Irene schaffte es ihren Freund zu beruhigen, während Arthur bei Woodley scheiterte. Dieser begann sich noch mehr aufzuführen und begann Ciel zu beschuldigen. Der junge Earl wolle uns ja alle mundtot machen, da er ja der Wachhund der Königin sei, und all das. Welch ein Witz. Der Butler der Königin sitzt direkt am anderen Ende des Tisches. Hätte man doch nur aufgepasst, nicht wahr?

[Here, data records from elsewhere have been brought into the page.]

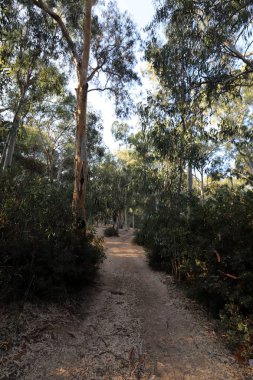İsrail'in kuzeyinde dağlarda orman yolu 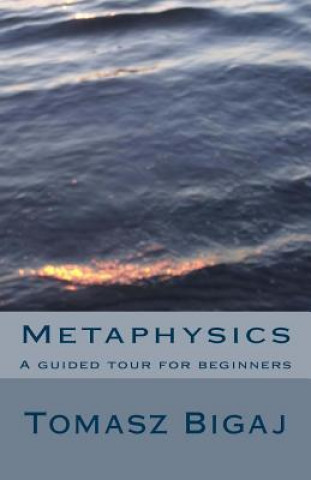Könyv Metaphysics: A guided tour for beginners Tomasz Bigaj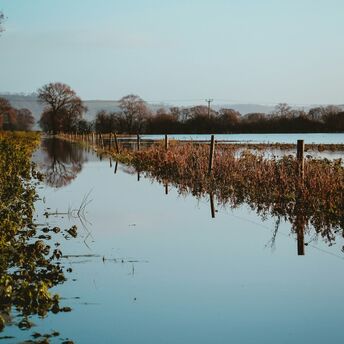 Flooded area beside fields and trees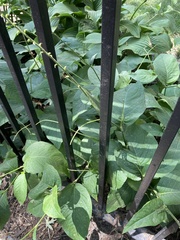 Persicaria virginiana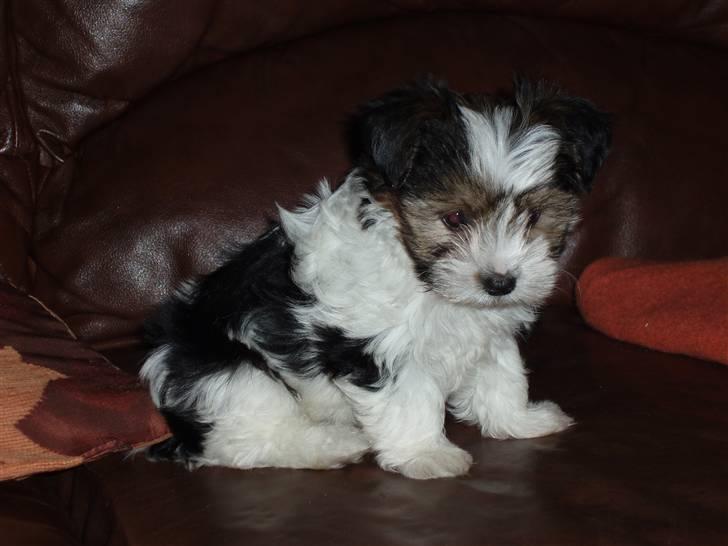Biewer yorkshire terrier BAILEY billede 6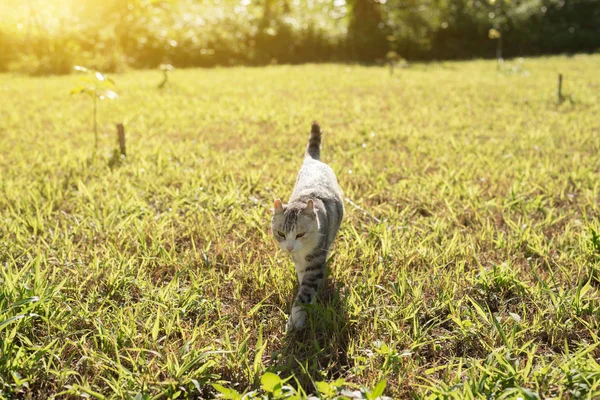 Katzenspaziergang auf der Wiese — Stockfoto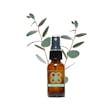 Product image for Eucalyptus CBD Oil Spray (15ml)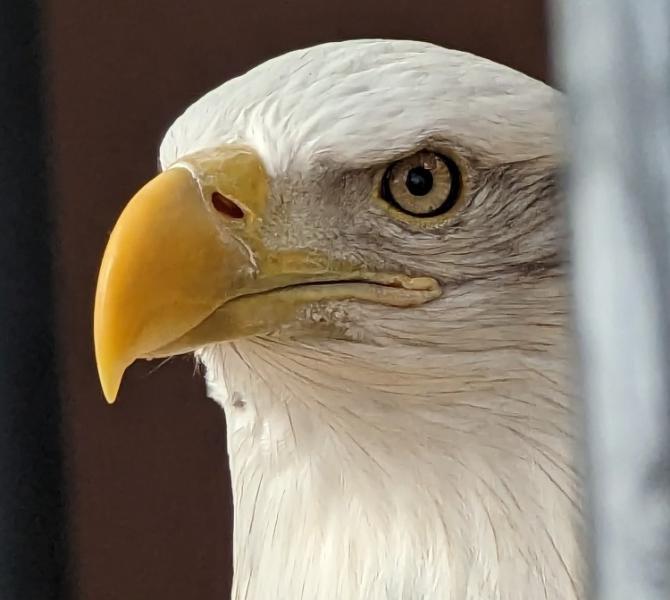 World Center For Birds of Prey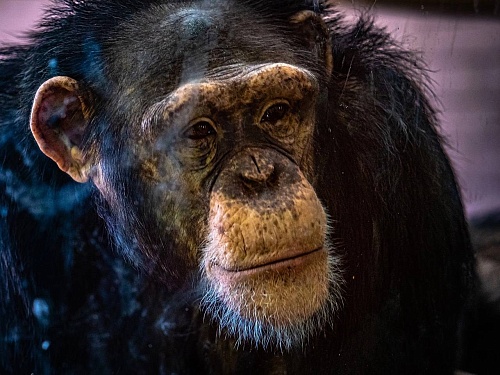 В Красноярске отметила 19-летие звезда парка «Роев ручей» - шимпанзе Анфиса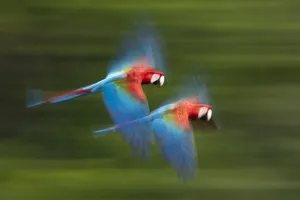 Red and green macaws (Ara chloropterus) in flight, motion blurred photograph Red and green macaws (Ara chloropterus) in flight, motion blurred photograph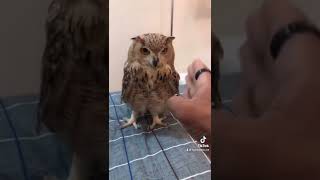 واخيراً , مزنه وزعفران تزوجوا 🦉🤣💍 , شوفوا اللي حضروا زواجهم 🤣❤️ | owl bird marriage 🦉باركوا لهم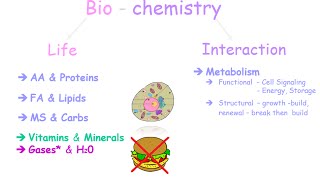 An Introduction to Biochemistry [upl. by Kloster]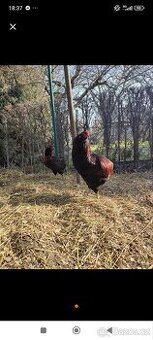 Násadová vejce araukana divoce zbarvená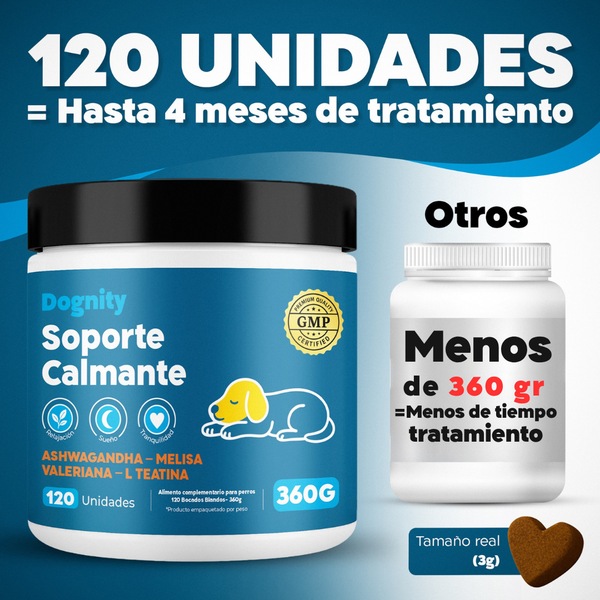 Imagen Móvil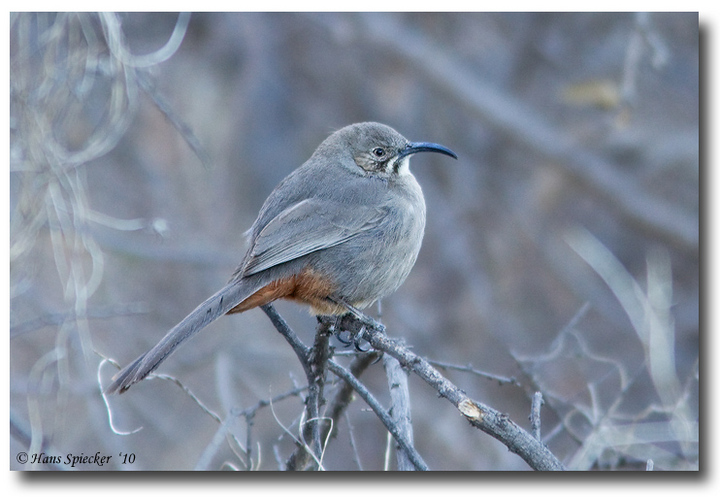 Crissal Thrasher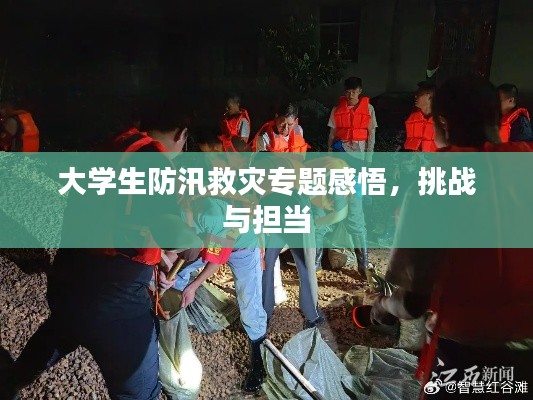 大學(xué)生防汛救災(zāi)專題感悟，挑戰(zhàn)與擔(dān)當(dāng)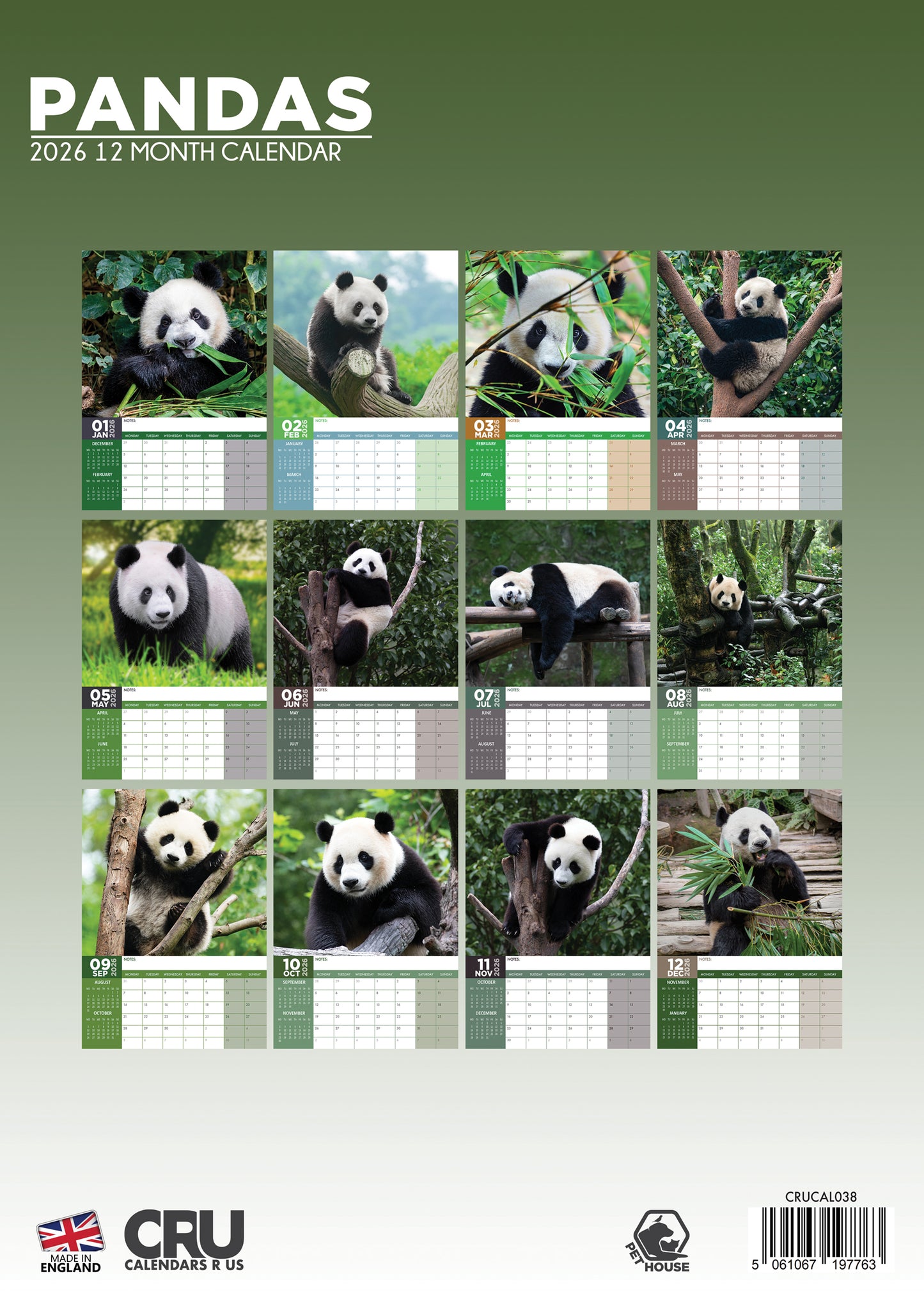 Pandas Calendar 2026 – Embrace the Cuteness of These Adorable Bears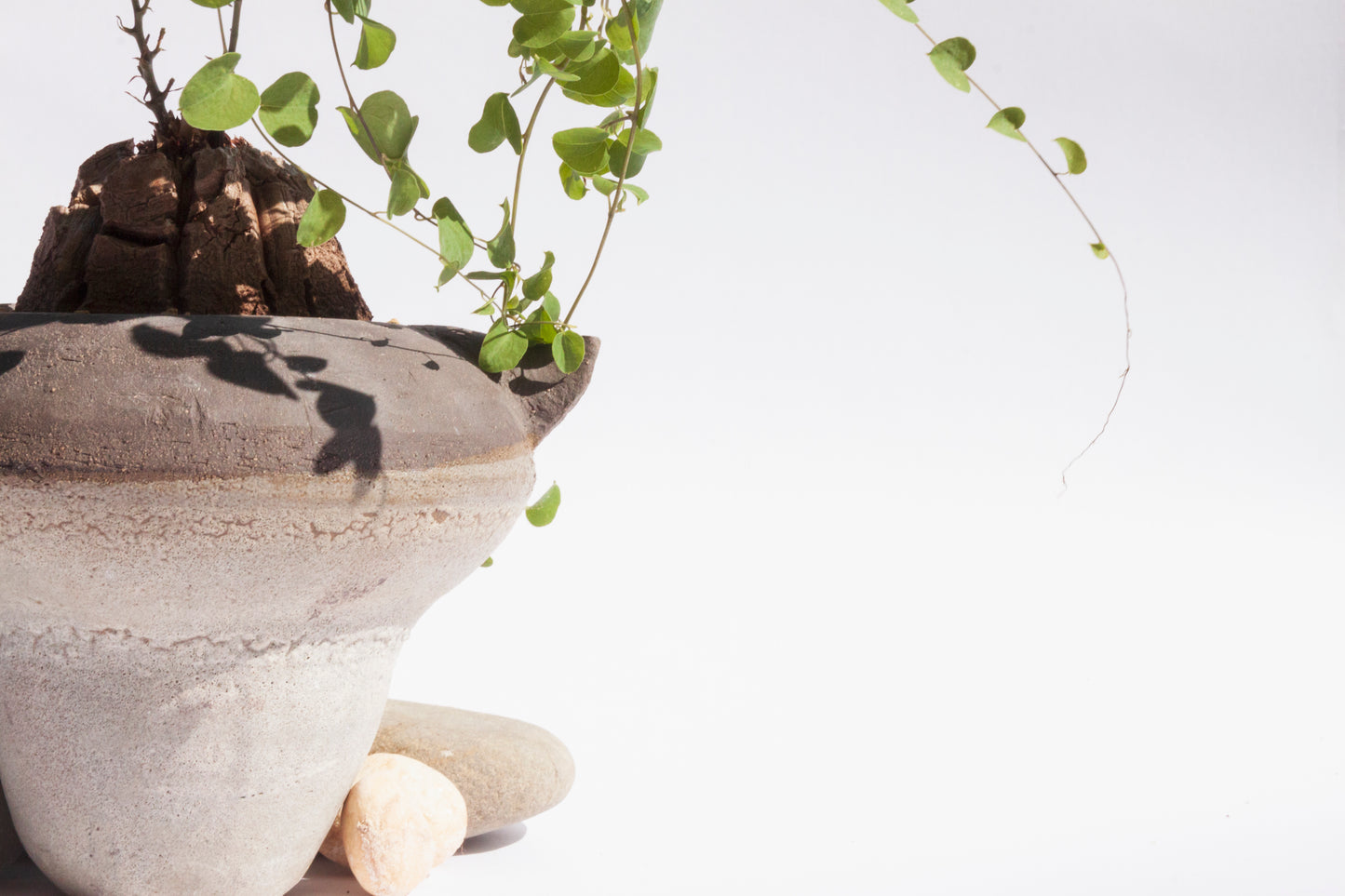 Dioscorea Elephantipes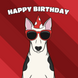 Cool Bull Terrier Dog Birthday Card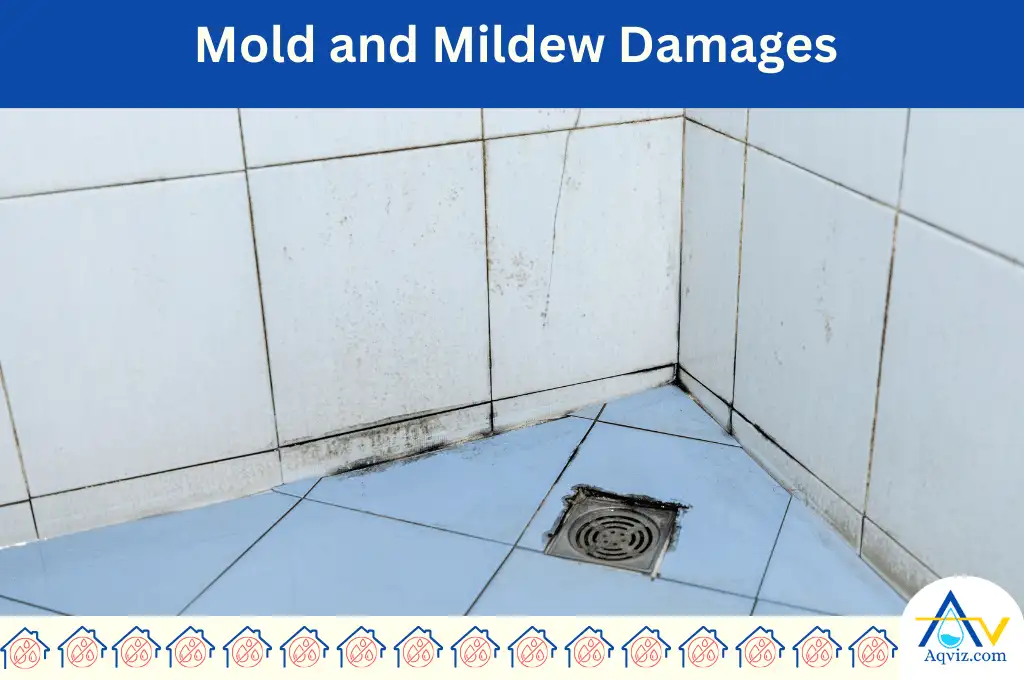 Mold and Mildew Growth and House Problems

Als Woodley gegenüber dem jungen Earl handgreiflich werden wollte, schaltete sich Tanaka ein und beförderte den aggressiven Gast mit einem unvorhersehbaren Griff auf den Boden, wo er ihn auch fest nagelte. Stille kehrte ein. Überrascht beobachteten die Gäste die faszinierende Szene vor ihnen und auch ich konnte nicht anders, als bewundert Tanaka zu mustern. Bewerte nie ein Buch nach seinem Einband.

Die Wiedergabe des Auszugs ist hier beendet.